Незадолго перед этим отмечалось семидесятилетие дяди Гиляя: не вняли его протестам друзья — A. И. Южин, В. Я. Брюсов, В. И. Немирович-Данченко, — организовали комиссию по проведению юбилея, возглавили ее. В Историческом музее, где по традиции Москва чествовала знаменитых москвичей, дяде Гиляю довелось услышать много хороших слов о себе. Выступали А. А. Яблочкина, А. М. Васнецов, А. И. Южин, B. Я. Брюсов… Кто не мог прийти, прислали поздравления. Были они от Марии Николаевны Ермоловой, Виктора Михайловича Васнецова. Их прекрасно читала Александра Александровна Яблочкина. И молодых друзей оказалось немало.
А все же… не любил дядя Гиляй юбилеев, чем-то напоминали они ему отпевание.
Через несколько месяцев после праздника в Историческом музее полез в трубы Неглинки — и заболел. Продолжать работу в газетах, журналах, как раньше, не мог… Дома прислушивался к шуму Столешникова переулка, и забывались головные боли, возвращалась, пусть в ином виде, иная, но жизненная сила. И работал дядя Гиляй.

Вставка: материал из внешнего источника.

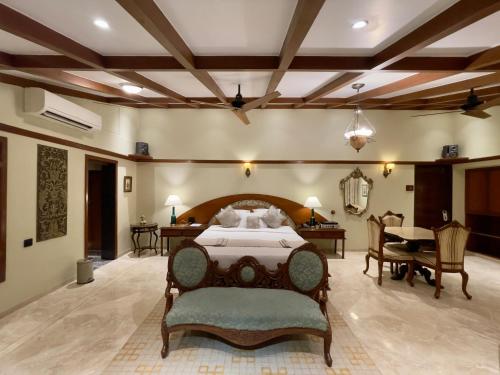 a large bedroom with a bed and a dining room at Ramsukh Resorts and Spa in Mahabaleshwar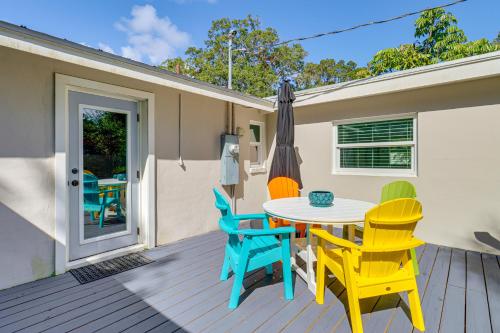 a deck with a table and chairs and an umbrella at 5 Mi to Vero Beach Vintage Home with Sauna and Grill! in Vero Beach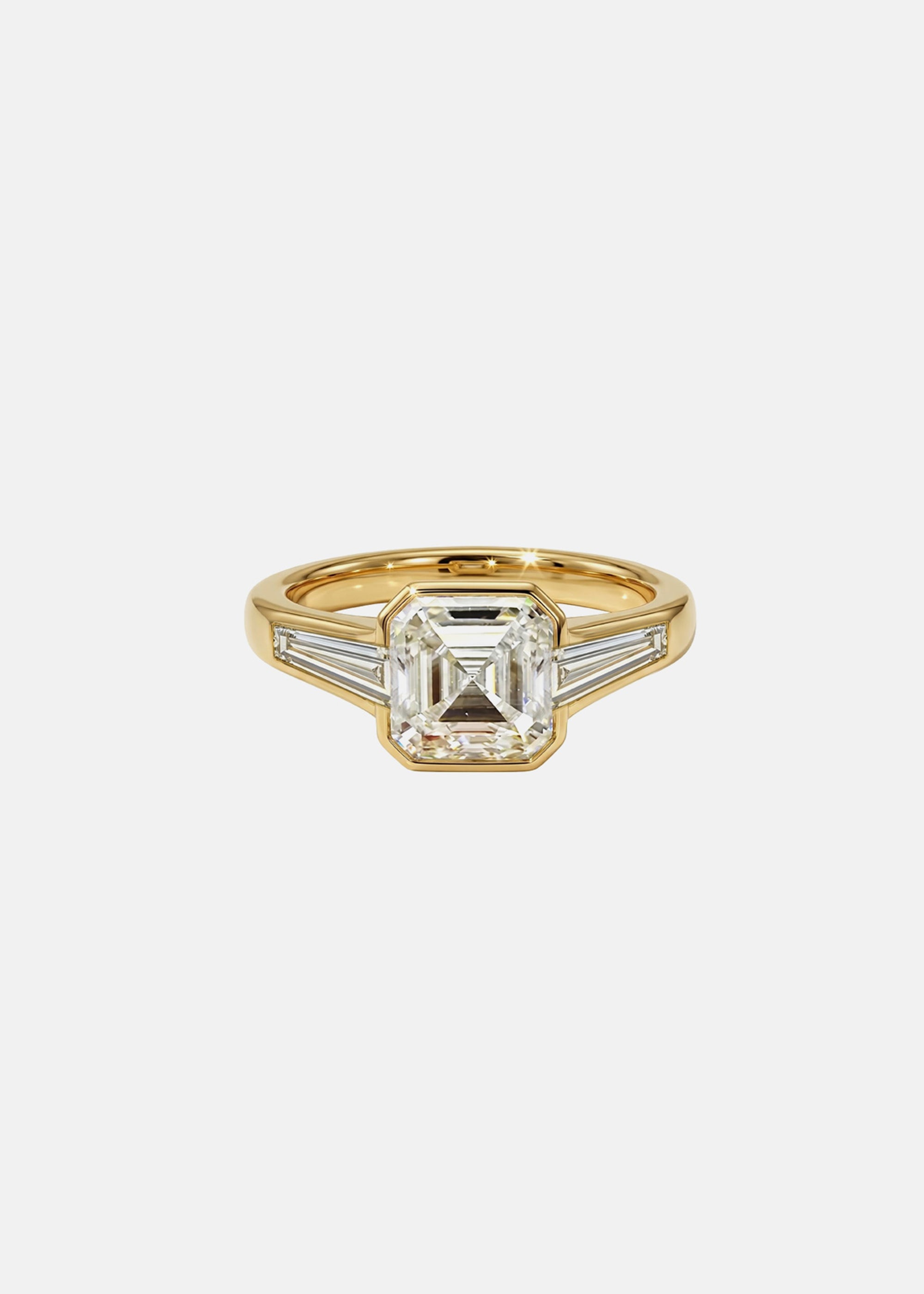 A 18k yellow gold ring featuring a central asscher-cut diamond flanked by two baguette-cut side stones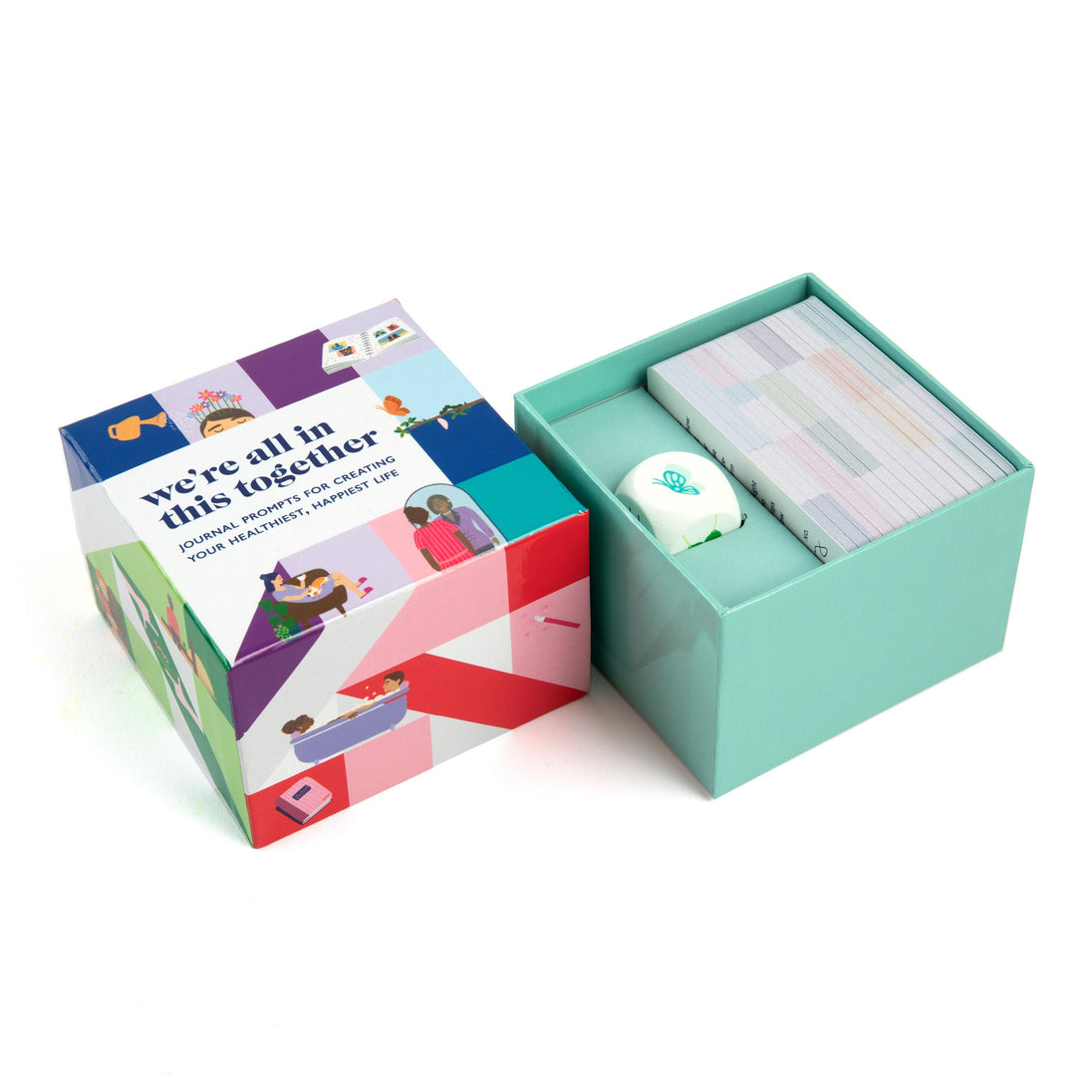 Colorful box with a card and small item on a white background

В первые годы после революции все свободное время ходил он по различным новым конторам, учреждениям, комиссиям, редакциям газет и журналов, заглядывал в школы и к студентам. Был полон интереса к людям, которые создавали новую жизнь, утверждали новые порядки. Надевал вытертую в поездках по России кожаную куртку, помнившую ходынскую давку и тишину поля во время полета Уточкина, опаленную жаром топки паровоза Ухтомского (был и на нем дядя Гиляй, когда вывозили в 1905 году дружинников из Москвы с Казанского вокзала). В куртке проделал он путь к Балканам — на шипкинские торжества в память 25-летия русско-турецкой войны. На отворот куртки прикрепил крест солдатского «Георгия», полученный за храбрость в русско-турецкую войну 1877–1878 годов. Захватив табакерку, с которой не расставался с этой войны, Гиляровский отправлялся в путь по новой Москве. Из табакерки любили когда-то нюхать Лев Толстой и Антон Чехов. Побывала она в руках многих переписчиков ролей с Хитровки, московских пожарных… Да разве всех перечислишь!..

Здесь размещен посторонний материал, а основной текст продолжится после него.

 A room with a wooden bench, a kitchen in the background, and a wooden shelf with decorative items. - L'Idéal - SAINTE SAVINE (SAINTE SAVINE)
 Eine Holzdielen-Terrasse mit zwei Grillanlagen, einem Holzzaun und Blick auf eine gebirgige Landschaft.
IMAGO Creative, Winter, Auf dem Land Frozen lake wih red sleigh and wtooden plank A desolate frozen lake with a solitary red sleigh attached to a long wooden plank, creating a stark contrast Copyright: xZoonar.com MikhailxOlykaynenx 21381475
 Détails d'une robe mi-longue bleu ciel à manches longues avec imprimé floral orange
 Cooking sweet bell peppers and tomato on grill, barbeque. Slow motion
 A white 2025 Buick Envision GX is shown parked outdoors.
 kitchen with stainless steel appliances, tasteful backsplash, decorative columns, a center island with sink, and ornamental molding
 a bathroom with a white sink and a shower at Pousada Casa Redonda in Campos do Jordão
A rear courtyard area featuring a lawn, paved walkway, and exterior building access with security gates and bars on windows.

И теперь табакерка помогала начать разговор. Вступали в беседу охотно. Располагал возраст дяди Гиляя, его доброжелательность, умение говорить с людьми.
Для этих путешествий завел «альбом» — просто сложенные вдвое листы бумаги, на которых просил написать несколько слов на память. Огромное количество автографов собрал, порой скрепленных печатями учреждений.

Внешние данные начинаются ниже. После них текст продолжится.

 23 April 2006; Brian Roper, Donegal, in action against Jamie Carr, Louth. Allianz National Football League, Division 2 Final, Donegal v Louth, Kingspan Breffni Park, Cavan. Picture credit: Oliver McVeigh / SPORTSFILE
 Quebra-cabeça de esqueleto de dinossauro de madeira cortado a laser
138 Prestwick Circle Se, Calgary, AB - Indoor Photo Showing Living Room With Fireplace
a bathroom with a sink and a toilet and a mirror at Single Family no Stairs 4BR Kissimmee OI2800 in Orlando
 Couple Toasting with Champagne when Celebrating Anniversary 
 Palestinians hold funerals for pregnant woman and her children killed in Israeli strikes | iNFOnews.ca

Новые встречи обращали память дяди Гиляя к прошлому, к началу собственной жизни, к ее многолетнему бегу, настойчиво призывая рассказать молодым, что знал, видел, рассказать, пока может.
Как-то пришел он в газету водников «На вахте», — журнал издавался под тем же названием.
— Напечатаете старого лямочника? — обратился к сидящим в редакции. Удивленное и несколько настороженное молчание было ответом. А потом разговорились и, узнав, что он в самом деле бурлачил, долго не отпускали: расскажите, расскажите еще. Выслушают до конца и в ответ:
— Напишите нам для журнала.
Помещалась редакция газеты недалеко от Столешникова, на Тверском бульваре, приходило туда много начинающей литературной молодежи, с удовольствием заглядывал и дядя Гиляй. Слушал он, слушали его. Удивляло молодых, что в лямке по Волге ходил. Им казалось: было это давно, а тут живой бурлак.
Возвращался дядя Гиляй к себе Тверским бульваром, широким и тенистым. Множество житейских нитей сходилось на его пути. Здесь жил когда-то доктор Гааз, почитаемый в старой Москве за бескорыстие, за то, что спешил делать добро, к тому и других призывал. Еще светились окна квартиры Марии Николаевны Ермоловой, и порой выходила она на балкон. Тверской бульвар — это и Пушкин, молодой, счастливый, это Герцен и Огарев, это Савва Мамонтов, репетиционные залы созданной им Московской частной оперы… А дальше? Дальше вырастали перед глазами иные картины: лесные массивы, уходящие в светлый простор неба неоглядные степи, могучие лики большаков. Но и эта заманчивая, успокаивающая красота родины отодвигалась памятью, словно декорация на сцене, освобождая первый план действующим лицам.